• **Problem to work on**:
Your answer must be the full listing, reproduced exactly, minus any pictures.

***** Supplied data *****

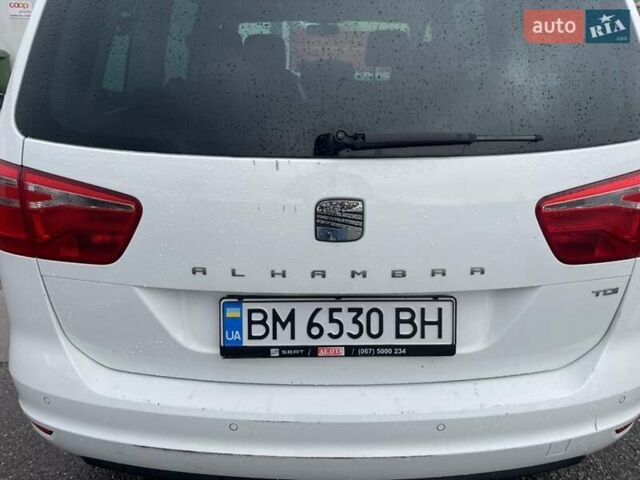 Білий Сеат Альхамбра, об'ємом двигуна 1.97 л та пробігом 72 тис. км за 19999 $, фото 6 на Automoto.ua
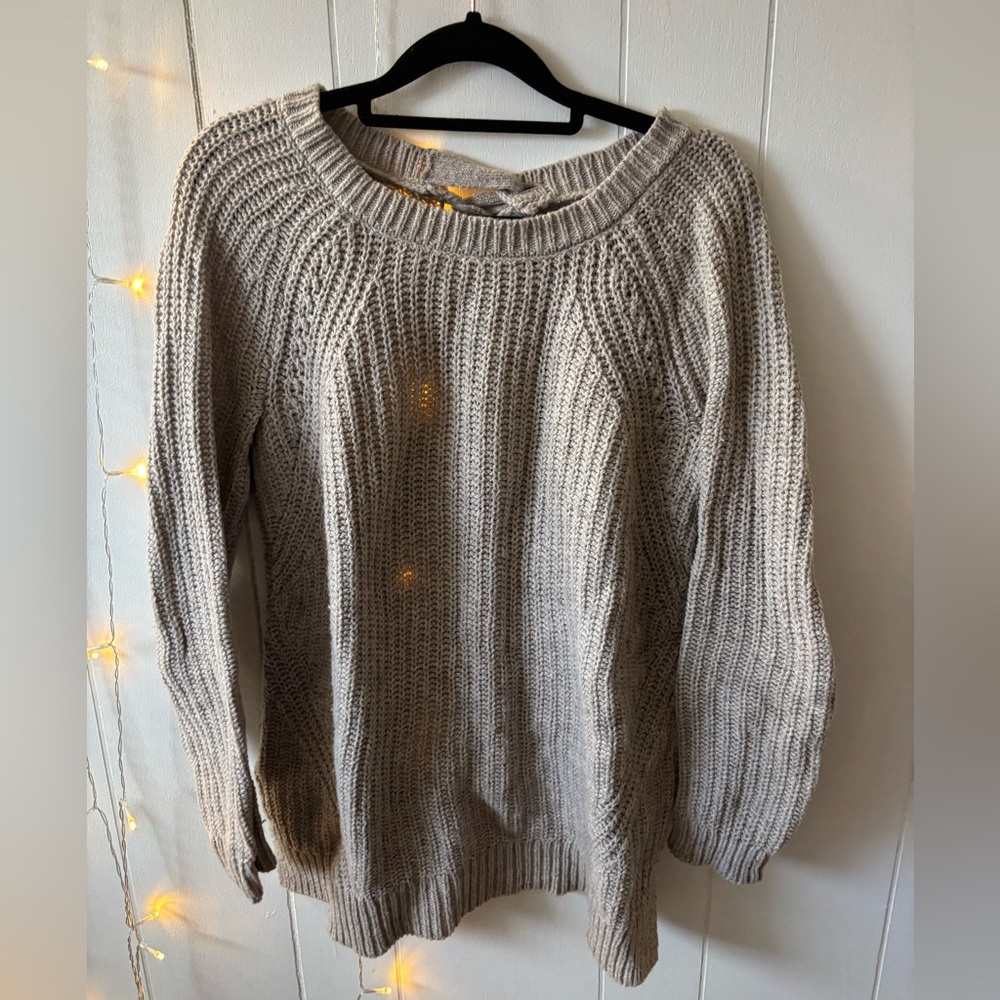 Brown sweater size XS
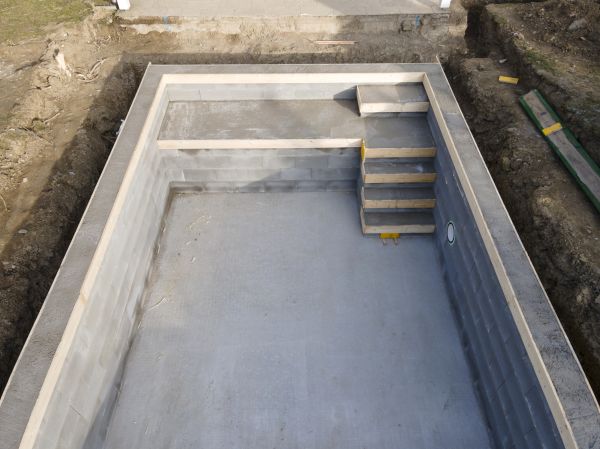 Concrete Pool Demolition in Akron
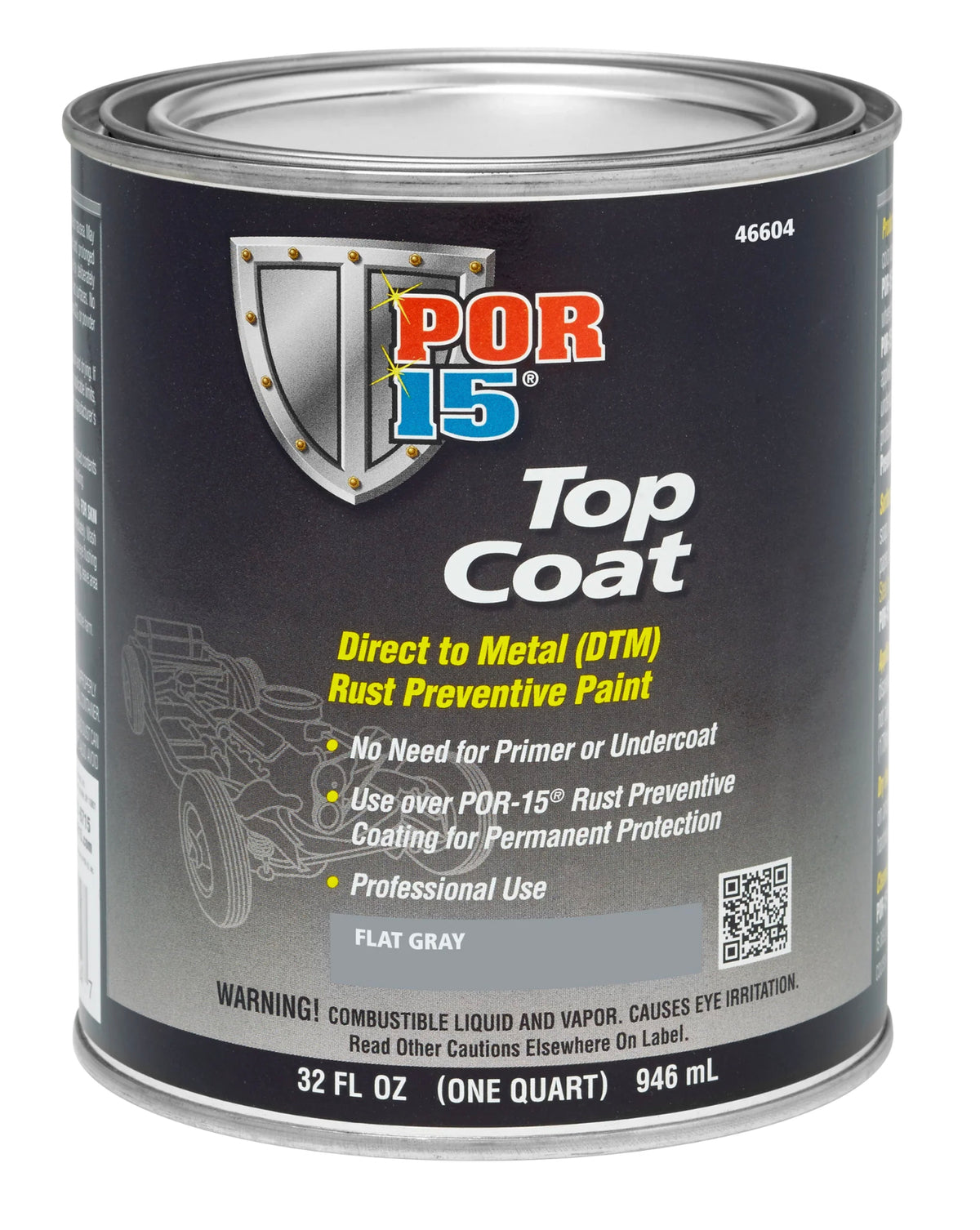 Apprêt de finition gris, 0,95 L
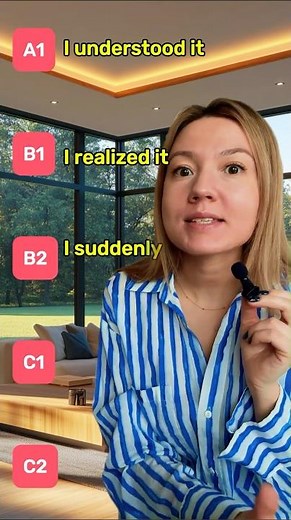 5 Ways to Say I understood it in English #learnenglish #easyenglisheveryday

*****

• **Reply to the exercise**:
 Білий Сеат Альхамбра, об'ємом двигуна 1.97 л та пробігом 72 тис. км за 19999 $, фото 6 на Automoto.ua
 Brown sweater size XS
 Concrete Pool Demolition in Akron
 Apprêt de finition gris, 0,95 L
 5 Ways to Say I understood it in English #learnenglish #easyenglisheveryday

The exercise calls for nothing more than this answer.